[Source data]
####

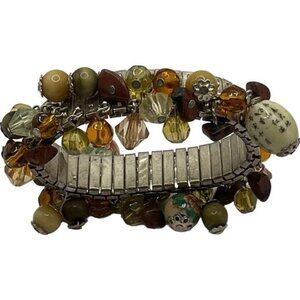 Vintage Stretch Cha cha Bracelet With Multicolor Beads & Floral Ceramic Accents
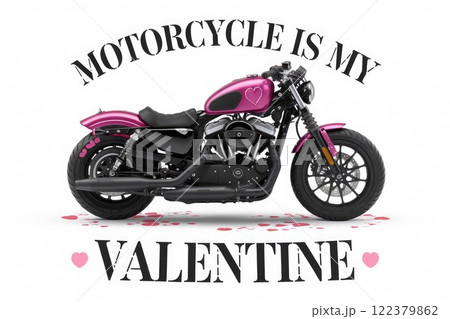 Pink motorcycle celebrating valentine's day with hearts decoration 122379862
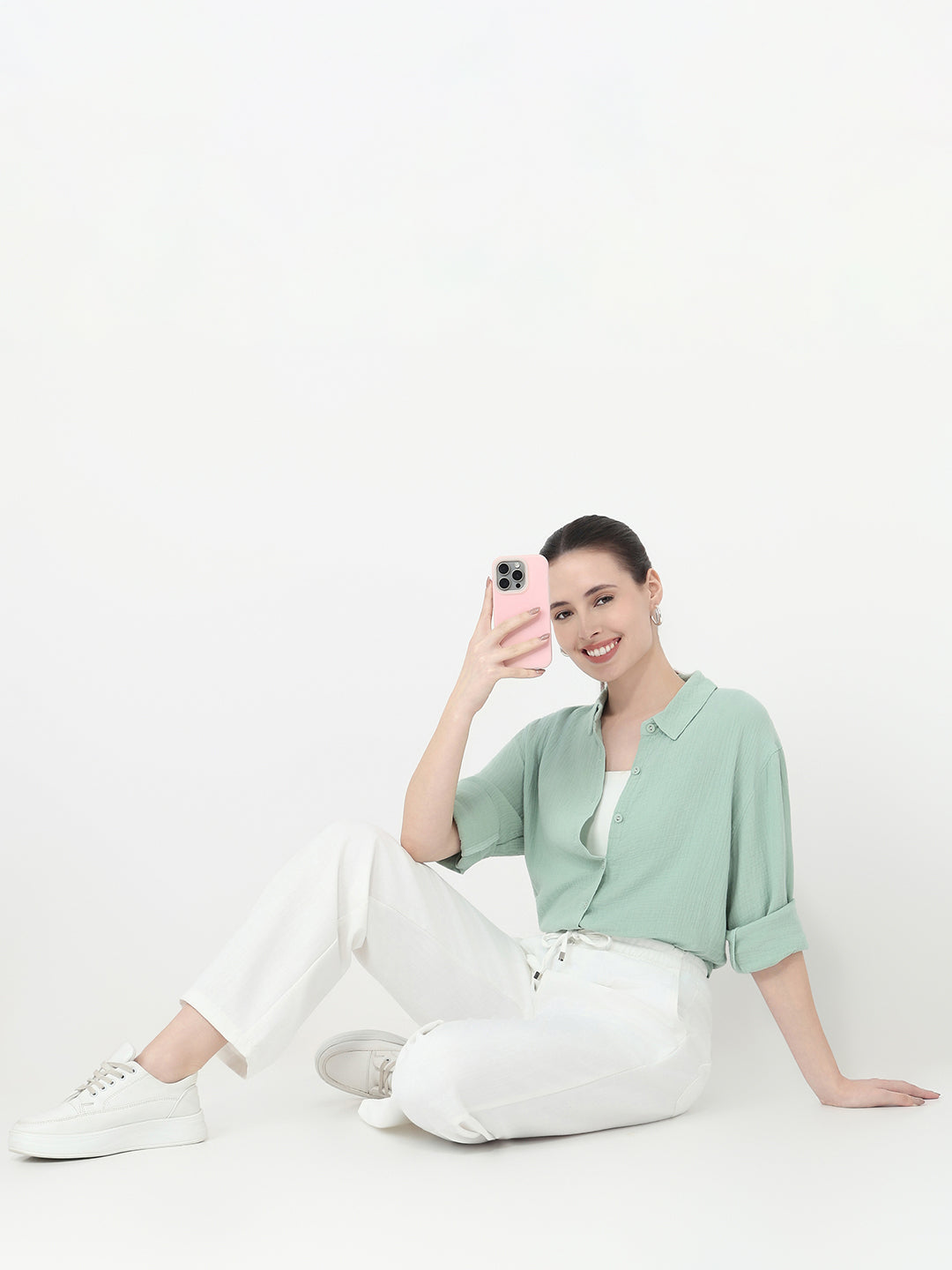 Women Mint Slim Fit Oversized Shirt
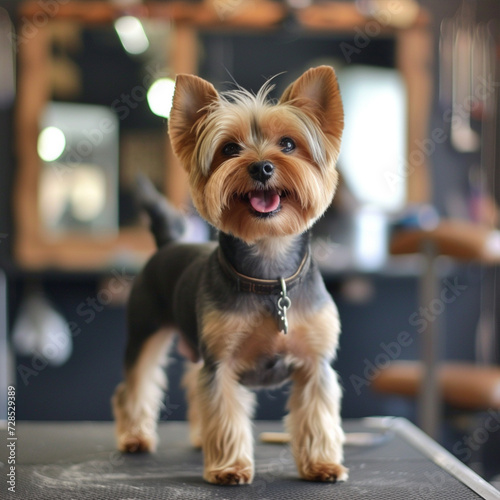 dog before a haircut in a grooming salon, ai technology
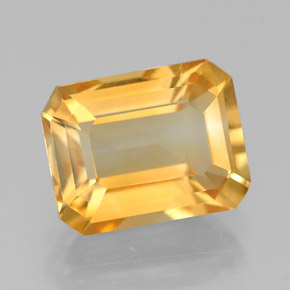 Citrino naturale giallo da 2,09 ct, taglio smeraldo, VVS-VS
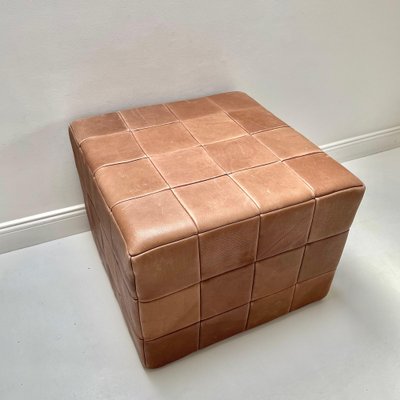 Large Cubic Patchwork Leather Pouf attributed to De Sede, Switzerland, 1970s-QZ-1761405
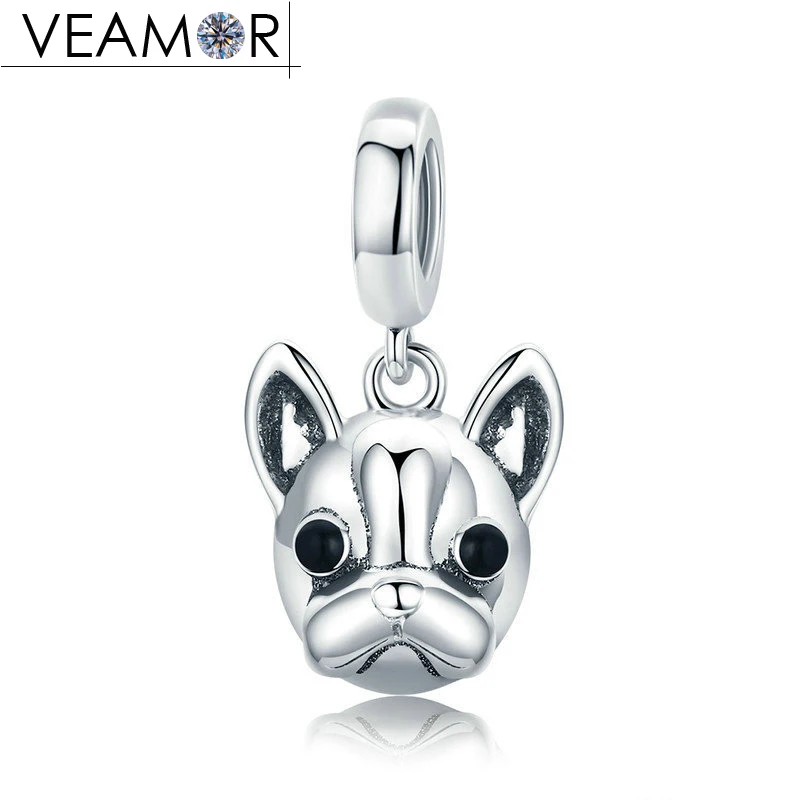 

VEAMOR 925 Sterling Silver Black Enamel French Bulldog Animal Dog Pendant Charms Beads Fit Pandora Bracelets DIY Jewelry Making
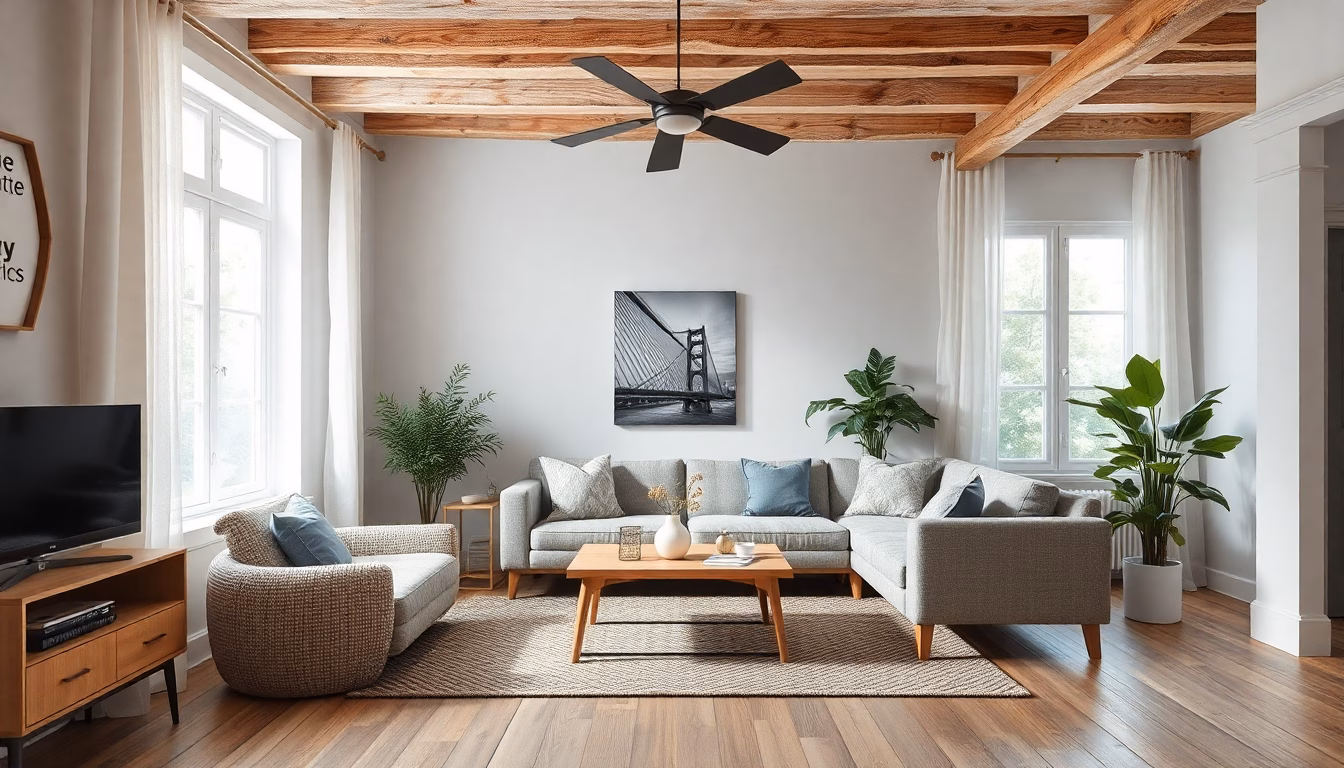 pièce à vivre élégamment décorée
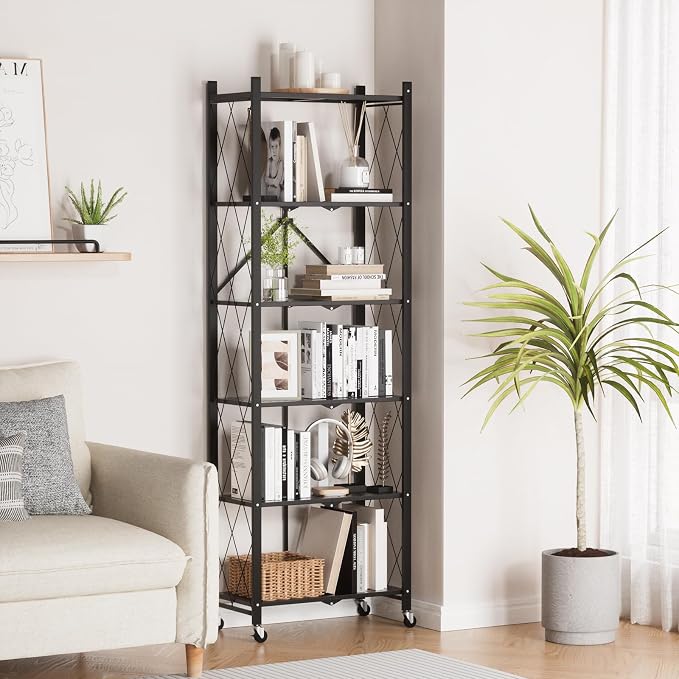 ALANNG 73.6 Inch Folding Bookshelf, 6 Tier Metal Bookcase and Bookshelves, Tall Shelves for Living Room Office Bedroom, Heavy Duty Book Shelve Free Standing Open (Black, 2PACK)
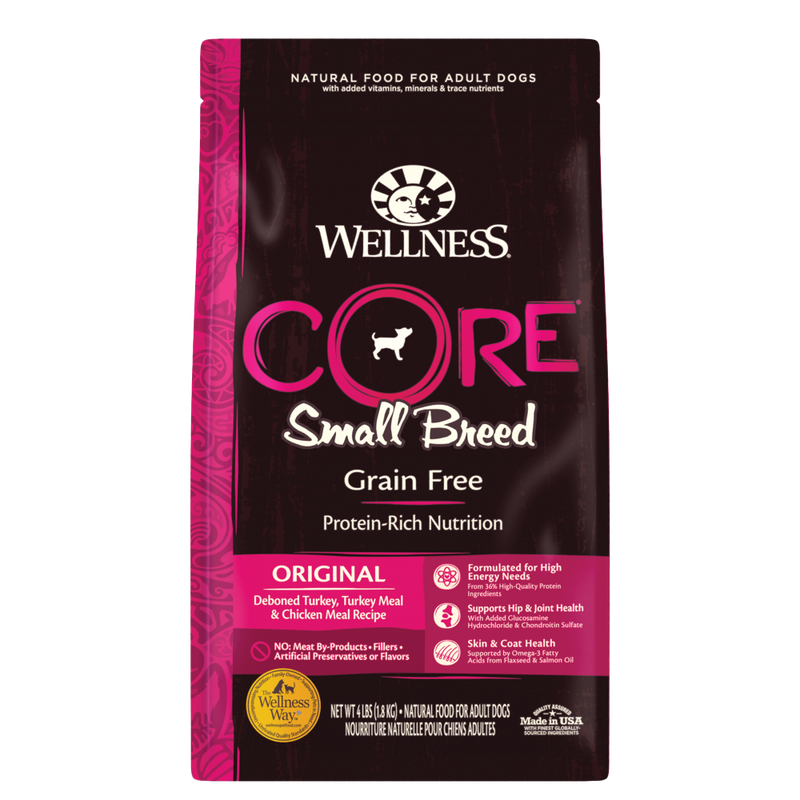 Wellness CORE Grain Free Natural Small Breed Health Turkey and Chicken Recipe Dry Dog Food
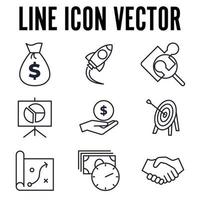 les éléments commerciaux et financiers définissent le modèle de symbole d'icône pour l'illustration vectorielle du logo de la collection de conception graphique et web vecteur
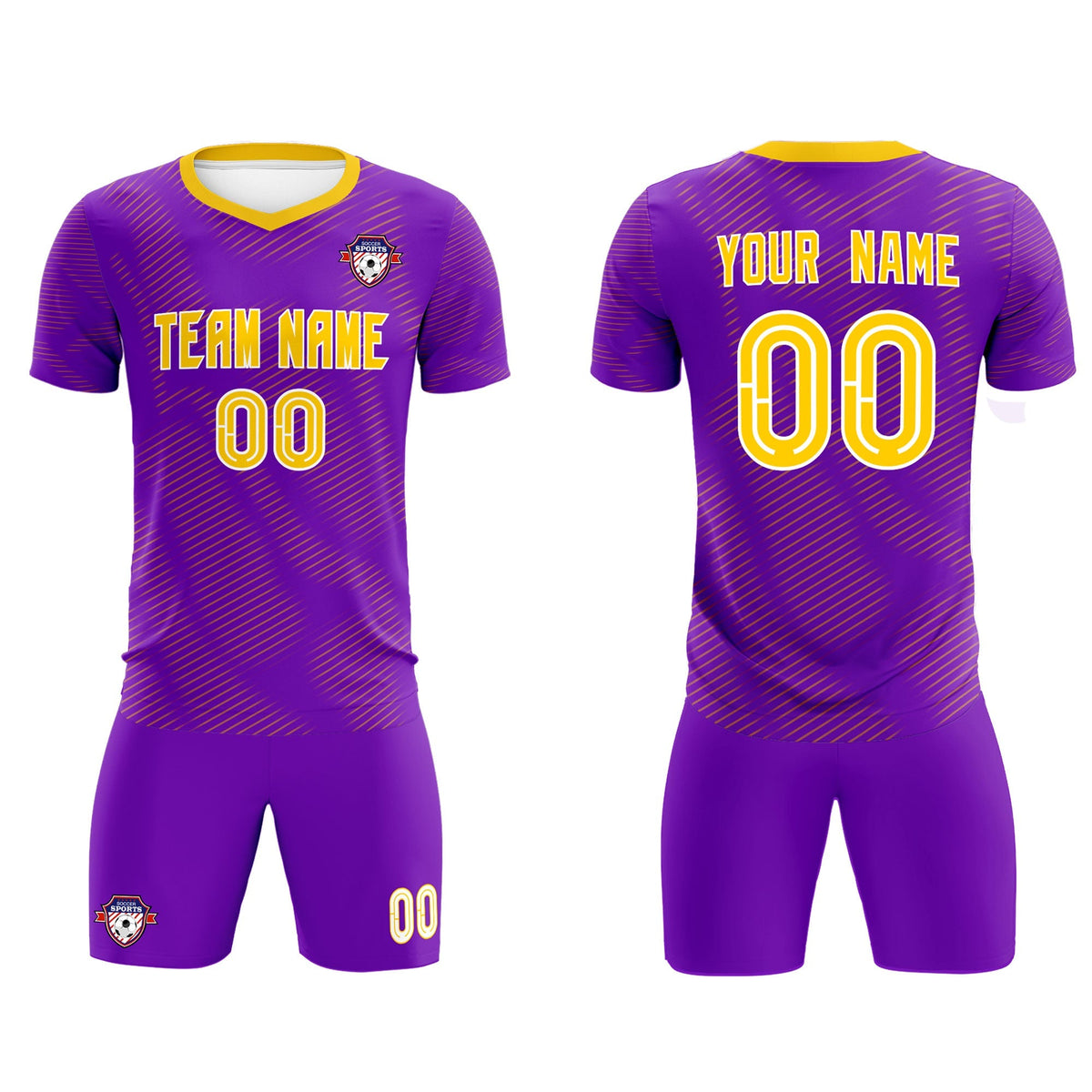 Custom Purple Gold Training Uniform For Men Soccer Sets Jersey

####

## [Exercise description]
Restate every record above word for word, without images.

## [Response to this task]
 Vintage Stretch Cha cha Bracelet With Multicolor Beads & Floral Ceramic Accents
 Pink motorcycle celebrating valentine's day with hearts decoration 122379862
 Women Mint Slim Fit Oversized Shirt
 dog before a haircut in a grooming salon, ai technology
 Citrino naturale giallo da 2,09 ct, taglio smeraldo, VVS-VS
 Large Cubic Patchwork Leather Pouf attributed to De Sede, Switzerland, 1970s-QZ-1761405

VEAMOR 925 Sterling Silver Black Enamel French Bulldog Animal Dog Pendant Charms Beads Fit Pandora Bracelets DIY Jewelry Making
 pièce à vivre élégamment décorée
 ALANNG 73.6 Inch Folding Bookshelf, 6 Tier Metal Bookcase and Bookshelves, Tall Shelves for Living Room Office Bedroom, Heavy Duty Book Shelve Free Standing Open (Black, 2PACK)
 Wellness CORE Grain Free Natural Small Breed Health Turkey and Chicken Recipe Dry Dog Food
 les éléments commerciaux et financiers définissent le modèle de symbole d'icône pour l'illustration vectorielle du logo de la collection de conception graphique et web vecteur
 Custom Purple Gold Training Uniform For Men Soccer Sets Jersey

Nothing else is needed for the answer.